Cannot start hailctl dataproc cluster - determine Google Cloud SDK version?

Hi all,

I read all related topics here and online but could not find an answered problem similar to mine so here goes - I want to read gnomAD data using hailctl dataproc clusters, I’ve read relevant how-tos etc.

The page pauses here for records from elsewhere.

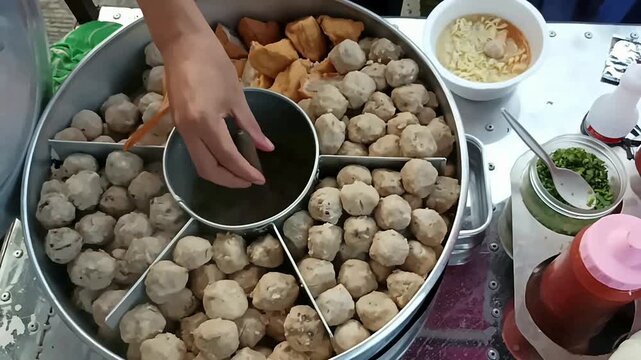 Traditional Indonesian Bakso steamer pot filled with beef meatballs, fried tofu, and broth. Authentic Asian street food vendor preparing a bowl for customers.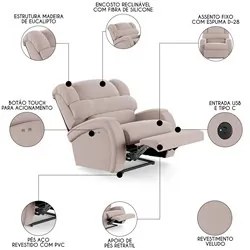 Poltrona do Papai Reclinável Kalie Power Touch USB FH9 Veludo Rosê - M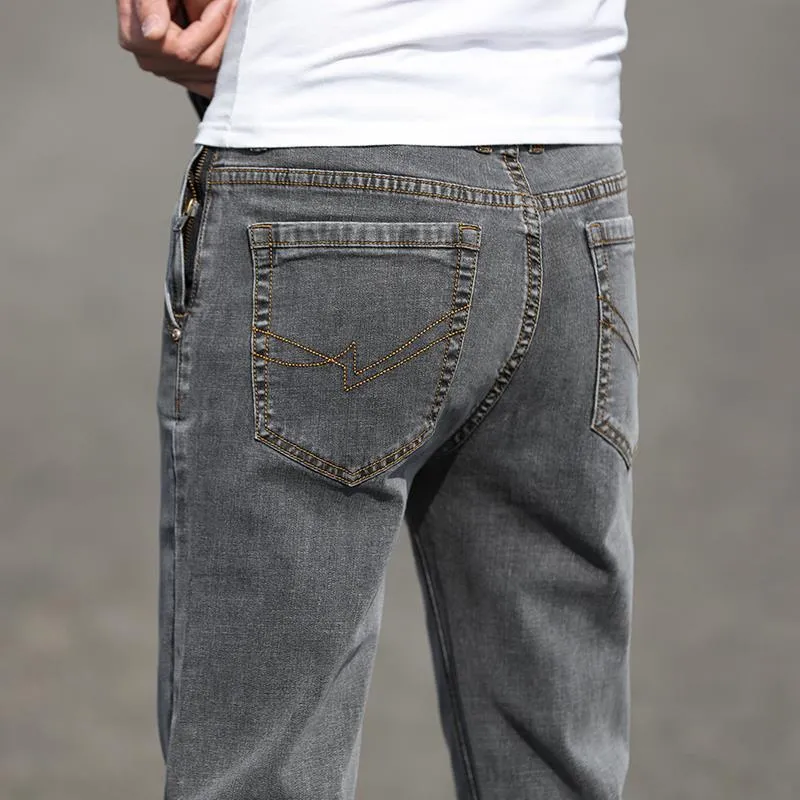 Men's smoky gray jeans with straight-leg cut and low-waist design
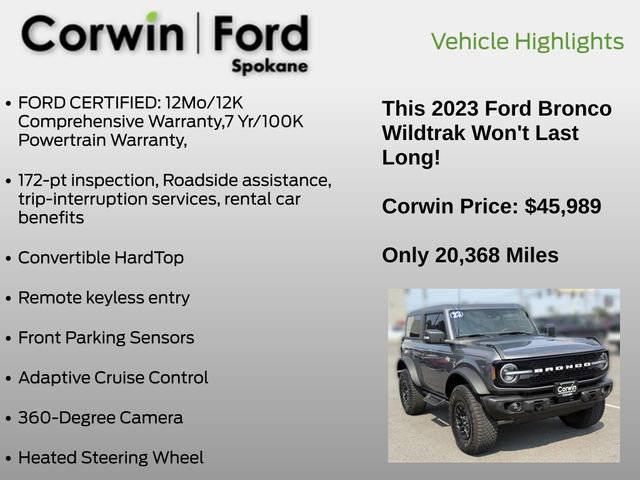 Certified 2023 Ford Bronco Wildtrak AWD/4WD image 7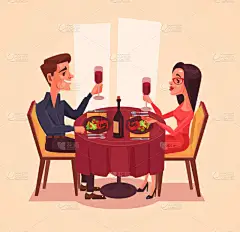 对幸福的夫妻恋人男人和女人字符和酒一起吃饭。矢量平面卡通插画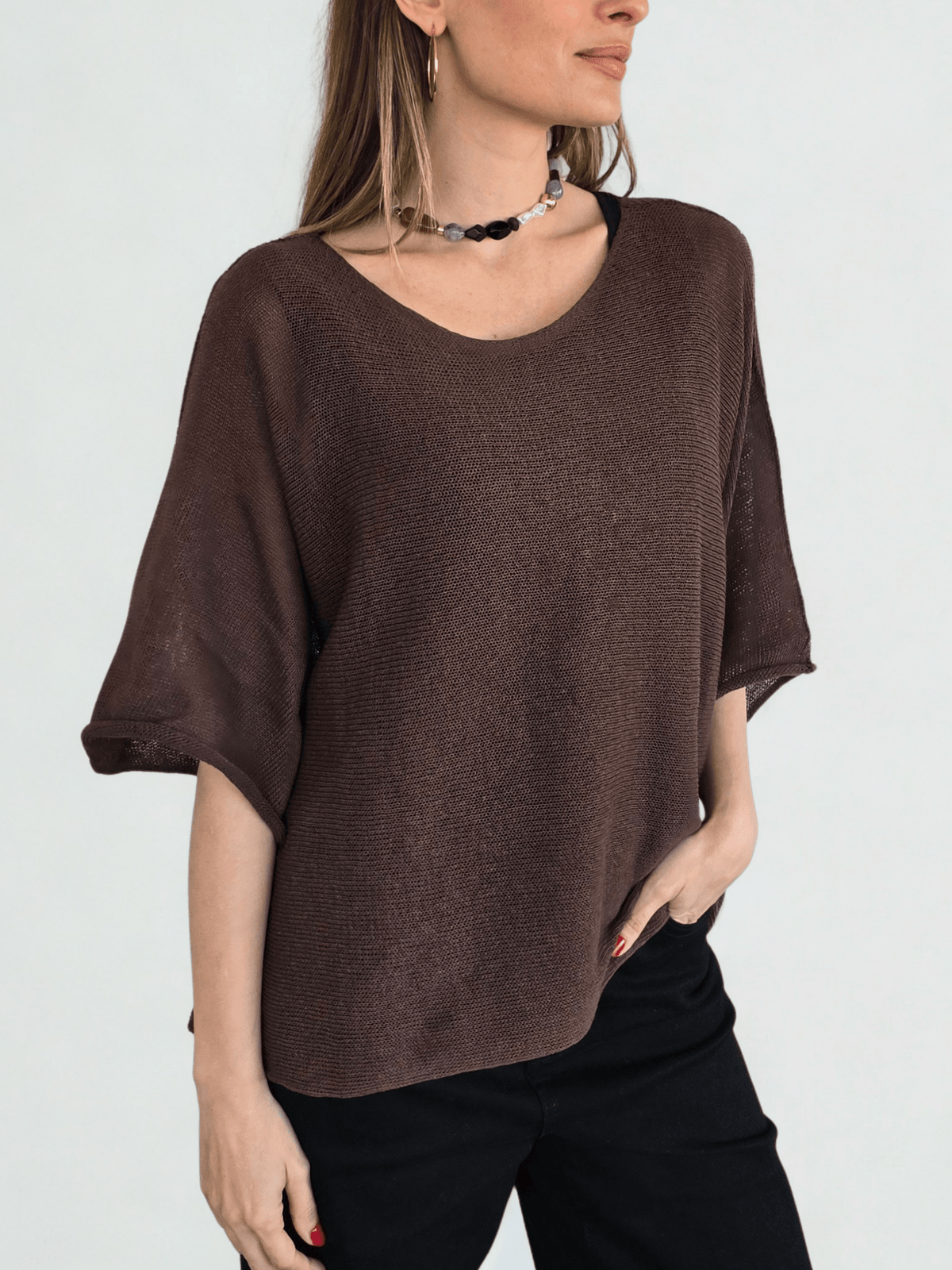Sweater Italiano de Hilo, color Chocolate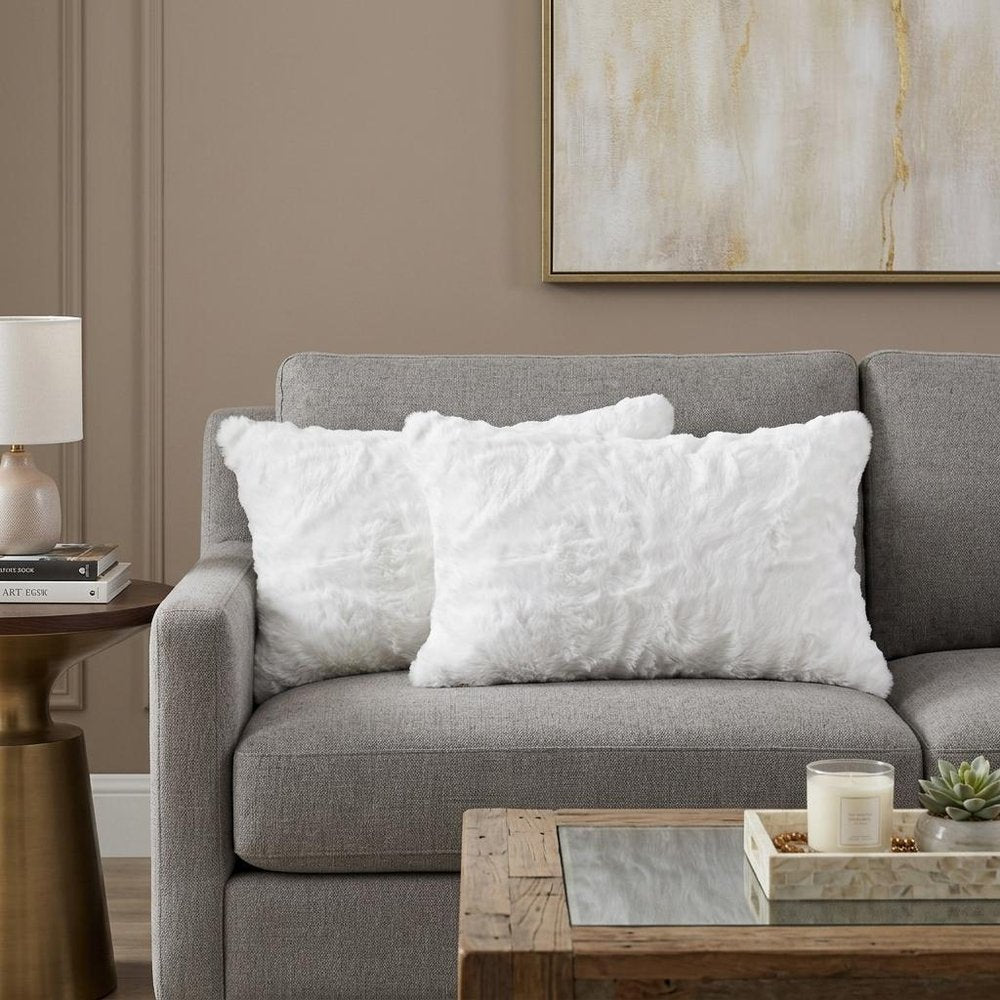 Set of Two 12" X 20" White Natural Fur Throw Pillows — view 6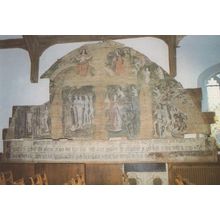 Wenhaston Doom 1400s Painting Suffolk Church Postcard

However when I try to start a cluster I get:

(base) C:\Users\eliza>hailctl dataproc start genentutorial
Warning: unable to determine Google Cloud SDK version
Traceback (most recent call last):
File “c:\users\eliza\anaconda3\lib\runpy.py”, line 194, in _run_module_as_main
return run_code(code, main_globals, None,
File “c:\users\eliza\anaconda3\lib\runpy.py”, line 87, in run_code
exec(code, run_globals)
File "C:\Users\eliza\anaconda3\Scripts\hailctl.exe_main
.py", line 7, in
File "c:\users\eliza\anaconda3\lib\site-packages\hailtop\hailctl_main
.py", line 107, in main
cli.main(args)
File “c:\users\eliza\anaconda3\lib\site-packages\hailtop\hailctl\dataproc\cli.py”, line 123, in main
asyncio.get_event_loop().run_until_complete(
File “c:\users\eliza\anaconda3\lib\asyncio\base_events.py”, line 616, in run_until_complete
return future.result()
File “c:\users\eliza\anaconda3\lib\site-packages\hailtop\hailctl\dataproc\start.py”, line 287, in main
project_region = gcloud.get_config(“dataproc/region”)
File “c:\users\eliza\anaconda3\lib\site-packages\hailtop\hailctl\dataproc\gcloud.py”, line 15, in get_config
return subprocess.check_output([“gcloud”, “config”, “get-value”, setting], stderr=subprocess.DEVNULL).decode().strip()
File “c:\users\eliza\anaconda3\lib\subprocess.py”, line 411, in check_output
return run(*popenargs, stdout=PIPE, timeout=timeout, check=True,
File “c:\users\eliza\anaconda3\lib\subprocess.py”, line 489, in run
with Popen(*popenargs, **kwargs) as process:
File “c:\users\eliza\anaconda3\lib\subprocess.py”, line 854, in init
self._execute_child(args, executable, preexec_fn, close_fds,
File “c:\users\eliza\anaconda3\lib\subprocess.py”, line 1307, in _execute_child
hp, ht, pid, tid = _winapi.CreateProcess(executable, args,
FileNotFoundError: [WinError 2] The system cannot find the file specified

I have a feeling it’s related to the fact it’s ‘unable to determine Google Cloud SDK version’,but I am unsure how to mitigate this.
I am able to start gcloud dataproc clusters and access and manipulate them, set all the relevant env variables and paths etc. It just seems to be a hail problem

Does anyone have experience with this?

Thanks in advance! :slight_smile: